Age spots can be visible as marks on the skin surface that are black, brown, or gray in color. Age spots can vary from the size of a freckle to larger than a centimeter across. Age spots may be visible either in a cluster or alone. Age spots are also called liver spots, and more technically, solar lentigines or sun spots. As this last term denotes, sun spots are usually caused by exposure to the damaging radiation of sun. Hence, sun spots generally can be seen on areas of the body that have received lengthened exposure to the sun, such as the arms, hands, face, and shoulders. Liver spots are most common to occur in people ages 40 and over. However, the possibility of liver spots to occur in younger people is also there depending on the amount of sun exposure received over a period of time.
Age spots characteristically build up in people with a fair complexion. However, there are also incidents of age spots in those with darker skin. To be able to determine age spots from other skin conditions, one should know how age spots look like. Age spots are flat, oval areas of noticeably greater than before pigmentation. Age spots are typically brown, black, or gray. They crop up on skin that has had the most sun exposure over time, such as the shoulders and upper back, backs of hands, tops of feet, face, etc. Age spots measure from freckle-size to more than a centimeter in diameter and can group together, making them more noticeable and obvious.

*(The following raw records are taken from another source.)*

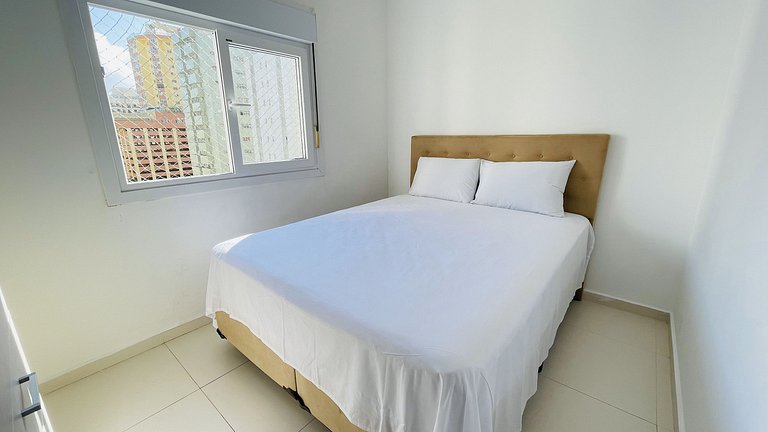 Apartamento com piscina e serviço de praia - Pitangueiras
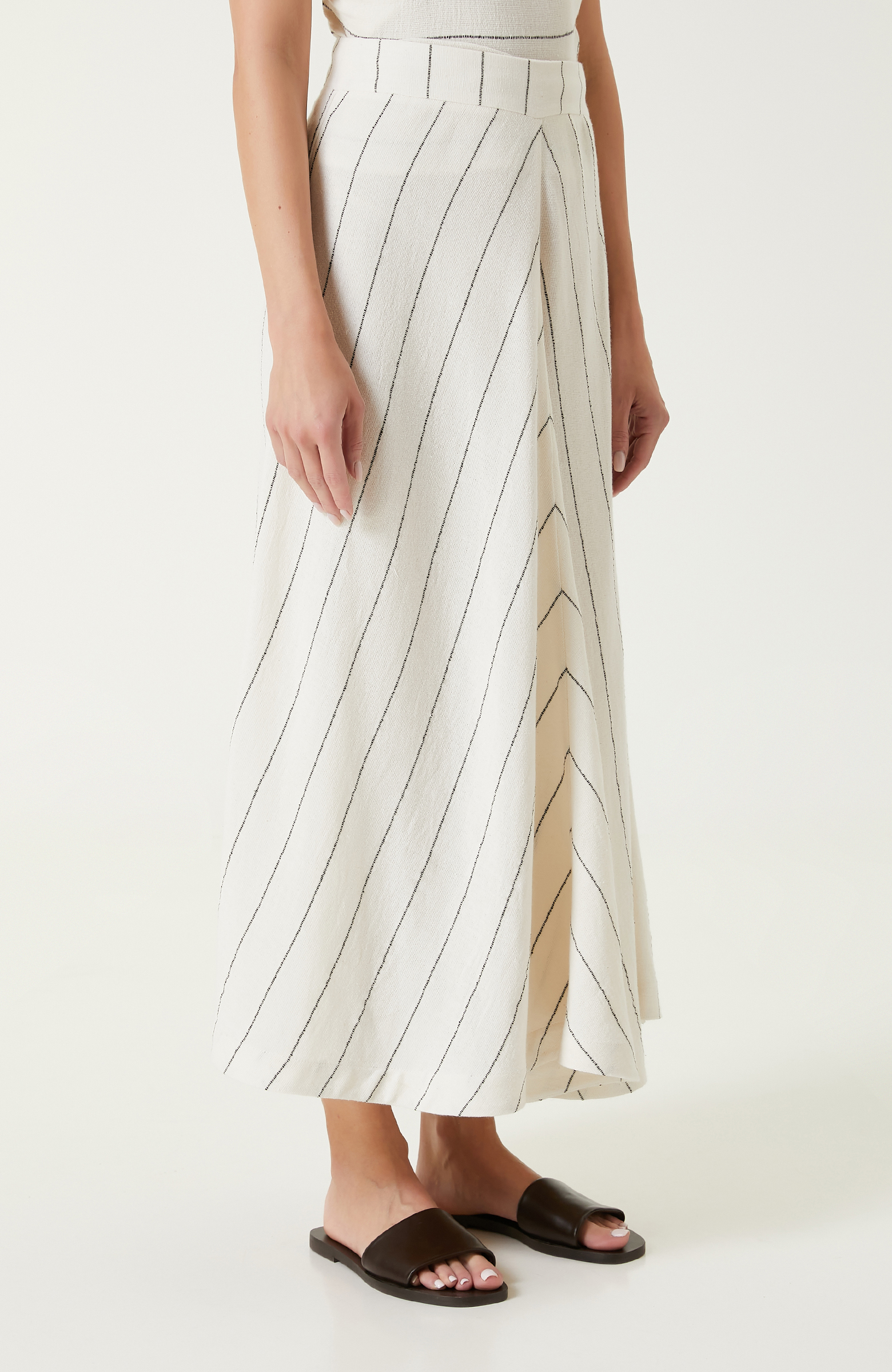 Beyaz Siyah Çizgili Plaj Etek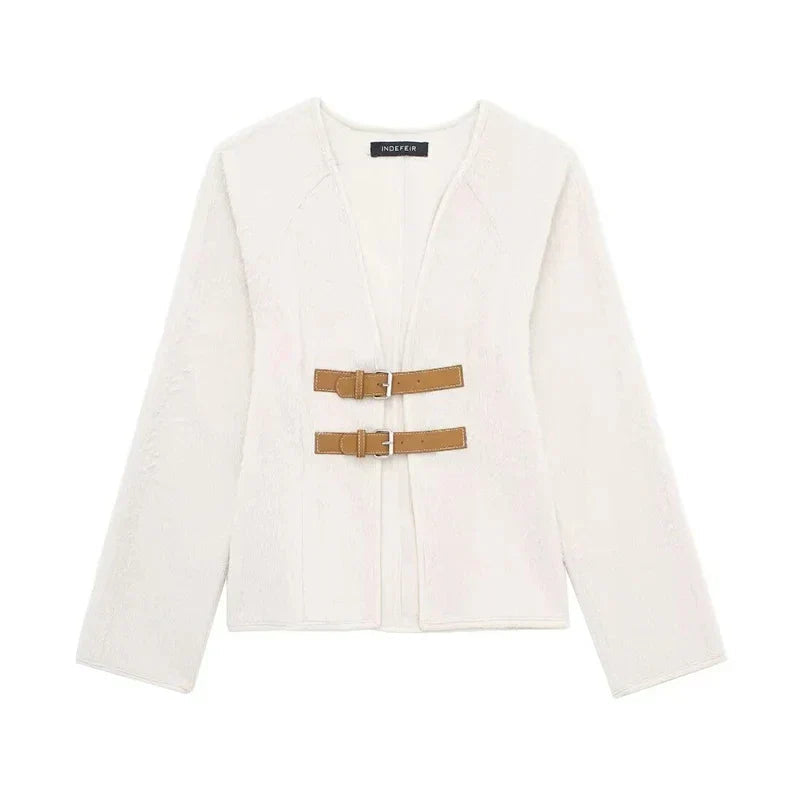 Silke - Wool coat with buckle closure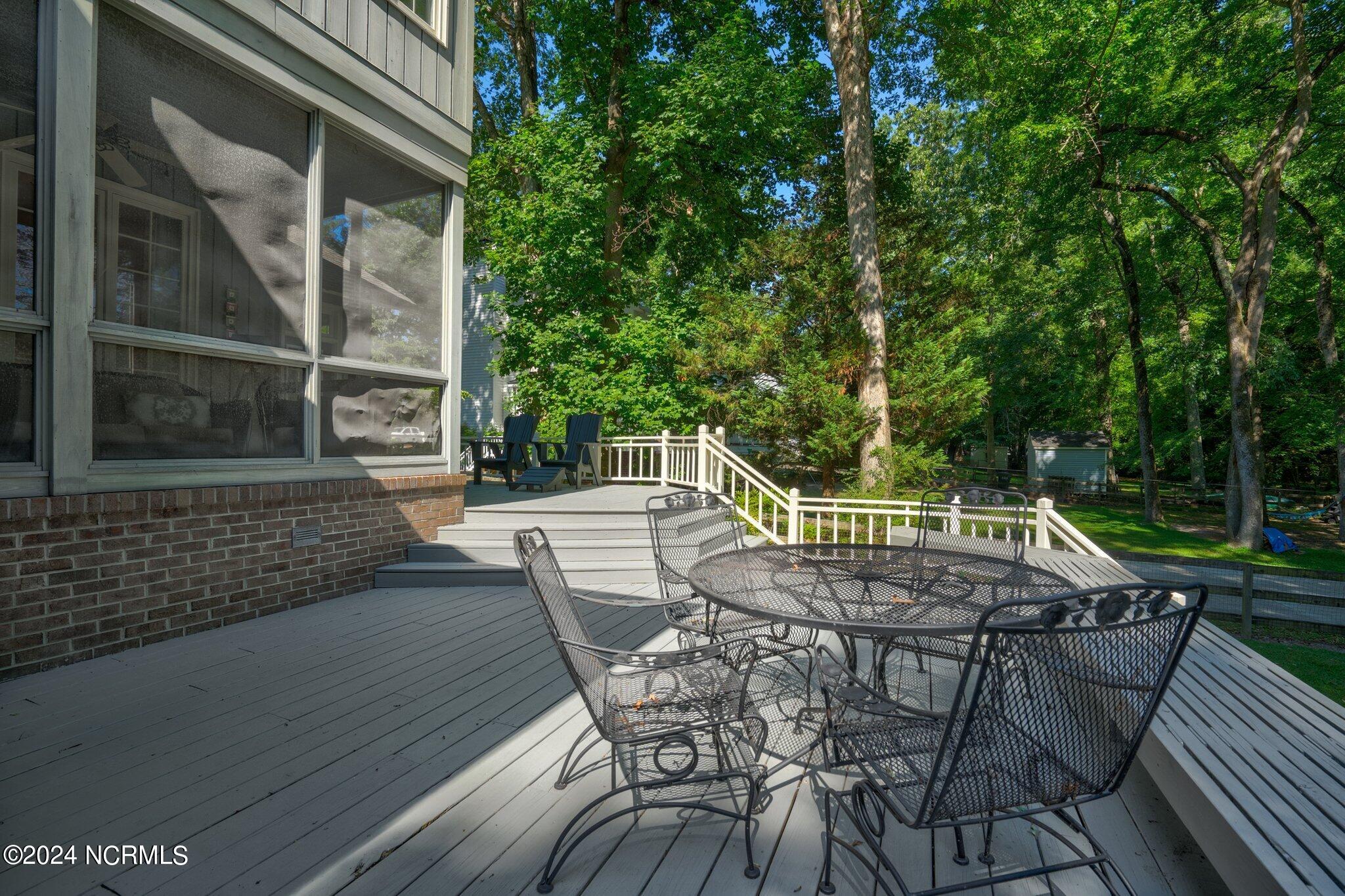 2128 Edinborough Road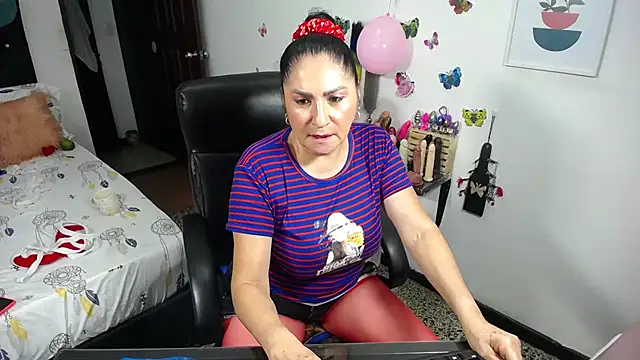 Snapshot of mature_bigboobs10 chatting on 16, 2, 2025 mature bigboobs10 online show from 16, 2, 2025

Frequently, sun spots can go along with other signs of sun damage. These include deep wrinkles; dry and rough skin; fine red veins on cheeks, nose, and ears; and, skin that is thinner and more translucent-looking.

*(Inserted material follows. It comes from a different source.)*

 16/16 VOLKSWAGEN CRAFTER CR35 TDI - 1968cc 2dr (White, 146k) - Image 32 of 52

Age spots are generally risk-free; hence do not require medical attention. Nevertheless, you may still seek doctor’s advice because you may not like how age spots make your skin unsightly. Moreover, spots that are dark or have changed appearance should be evaluated because these can be signs of skin cancer.
Consulting a professional is advisable if a person notices skin irregularities. A dermatologist can confirm if a mark on the skin is an age spot, or if the spot is a more severe mark. A medical professional may carry out a biopsy of an age spot to eradicate the possibility of cancer. A biopsy is a procedure that involves the removal and testing of a small piece of the skin where the age spot has developed.